Zweitens könnte die Möglichkeit, Beschwerde einzulegen, regional stärker eingeschränkt werden, um sicherzustellen, dass nur Verbände klagen, die tatsächlich direkt von den Auswirkungen der Entscheidung betroffen sind. Und schliesslich könnten drittens gegen einen Verband Sanktionen verhängt werden, wenn er wiederholt erfolglos oder offensichtlich unbegründete Beschwerden einreicht. Sanktionen könnten etwa die temporäre Entziehung des Beschwerderechts oder höhere Verfahrenskosten sein.
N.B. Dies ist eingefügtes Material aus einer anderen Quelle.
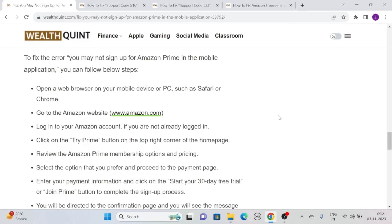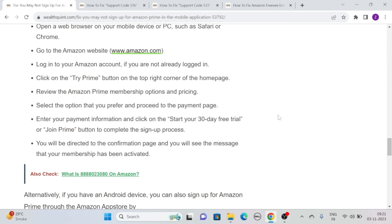After logging in, click on the 'Try Prime' button on the top right corner of the home page. Then review the Amazon Prime membership options and pricing. Select the option that you prefer and proceed to the payment page. Enter your payment information and click on the 'Start your 30-day free trial' or 'Join Prime' button to complete the sign-up process.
Parlamentarische Initiative

Dass Reformen möglich sind – aber einen langen Schnauf brauchen – beweist die im März 2019 eingereichte parlamentarische Initiative «Kein ‹David gegen Goliath› beim Verbandsbeschwerderecht». Dank der Vorlage sollen Wohnbauprojekte bis zu 400 Quadratmeter, welche sich innerhalb der Bauzone befinden, vom Verbandsbeschwerderecht ausgenommen werden. Denn bislang konnten Umweltverbände (Goliath) gegen den Bau zum Beispiel eines Einfamilienhauses eines privaten Bauherren (David) Einsprache einlegen. Dies soll nun nicht mehr möglich sein. Zu betonen ist, dass aber alle anderen Beschwerdemöglichkeiten weiterhin bestehen bleiben.

Für Investoren in Energieinfrastrukturprojekte bleiben heute als Alternative zum gerichtlichen Weg realistischerweise oft nur eine verstärkte Mediation und das Anstreben einer aussergerichtlichen Lösung. So können teilweise Einigungen erzielt werden, bevor langwierige Verfahren notwendig werden. Zusatzkosten fallen aber auch hier an, die letztlich von allen Stromkonsumenten getragen werden müssen.